▶ [Assignment]:
Write out the whole listing again so that each line matches the original.

▶ [Information provided]:
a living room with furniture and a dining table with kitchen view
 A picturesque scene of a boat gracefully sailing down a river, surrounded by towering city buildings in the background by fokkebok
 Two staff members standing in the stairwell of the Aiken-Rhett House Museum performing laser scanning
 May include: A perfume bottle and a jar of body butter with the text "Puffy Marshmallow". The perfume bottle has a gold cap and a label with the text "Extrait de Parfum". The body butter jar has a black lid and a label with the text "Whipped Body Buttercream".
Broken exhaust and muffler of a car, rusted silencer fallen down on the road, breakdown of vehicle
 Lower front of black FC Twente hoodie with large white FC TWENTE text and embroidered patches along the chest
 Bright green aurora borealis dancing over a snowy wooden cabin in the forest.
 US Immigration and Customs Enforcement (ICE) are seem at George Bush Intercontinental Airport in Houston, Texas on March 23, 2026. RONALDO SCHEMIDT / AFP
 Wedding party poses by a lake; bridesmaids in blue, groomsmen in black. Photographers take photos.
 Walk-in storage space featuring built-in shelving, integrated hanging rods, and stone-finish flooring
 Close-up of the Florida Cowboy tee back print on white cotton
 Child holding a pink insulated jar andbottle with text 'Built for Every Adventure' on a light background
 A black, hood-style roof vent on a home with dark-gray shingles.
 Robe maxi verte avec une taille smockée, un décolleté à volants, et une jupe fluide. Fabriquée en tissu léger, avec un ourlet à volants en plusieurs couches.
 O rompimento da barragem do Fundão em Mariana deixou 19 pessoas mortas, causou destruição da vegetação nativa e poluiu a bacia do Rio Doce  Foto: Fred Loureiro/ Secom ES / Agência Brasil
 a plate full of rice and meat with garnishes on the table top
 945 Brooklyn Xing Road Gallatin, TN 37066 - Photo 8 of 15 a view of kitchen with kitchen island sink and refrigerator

▶ [Response box]:
a living room with furniture and a dining table with kitchen view
 A picturesque scene of a boat gracefully sailing down a river, surrounded by towering city buildings in the background by fokkebok
 Two staff members standing in the stairwell of the Aiken-Rhett House Museum performing laser scanning
 May include: A perfume bottle and a jar of body butter with the text "Puffy Marshmallow". The perfume bottle has a gold cap and a label with the text "Extrait de Parfum". The body butter jar has a black lid and a label with the text "Whipped Body Buttercream".
Broken exhaust and muffler of a car, rusted silencer fallen down on the road, breakdown of vehicle
 Lower front of black FC Twente hoodie with large white FC TWENTE text and embroidered patches along the chest
 Bright green aurora borealis dancing over a snowy wooden cabin in the forest.
 US Immigration and Customs Enforcement (ICE) are seem at George Bush Intercontinental Airport in Houston, Texas on March 23, 2026. RONALDO SCHEMIDT / AFP
 Wedding party poses by a lake; bridesmaids in blue, groomsmen in black. Photographers take photos.
 Walk-in storage space featuring built-in shelving, integrated hanging rods, and stone-finish flooring
 Close-up of the Florida Cowboy tee back print on white cotton
 Child holding a pink insulated jar andbottle with text 'Built for Every Adventure' on a light background
 A black, hood-style roof vent on a home with dark-gray shingles.
 Robe maxi verte avec une taille smockée, un décolleté à volants, et une jupe fluide. Fabriquée en tissu léger, avec un ourlet à volants en plusieurs couches.
 O rompimento da barragem do Fundão em Mariana deixou 19 pessoas mortas, causou destruição da vegetação nativa e poluiu a bacia do Rio Doce  Foto: Fred Loureiro/ Secom ES / Agência Brasil
 a plate full of rice and meat with garnishes on the table top
 945 Brooklyn Xing Road Gallatin, TN 37066 - Photo 8 of 15 a view of kitchen with kitchen island sink and refrigerator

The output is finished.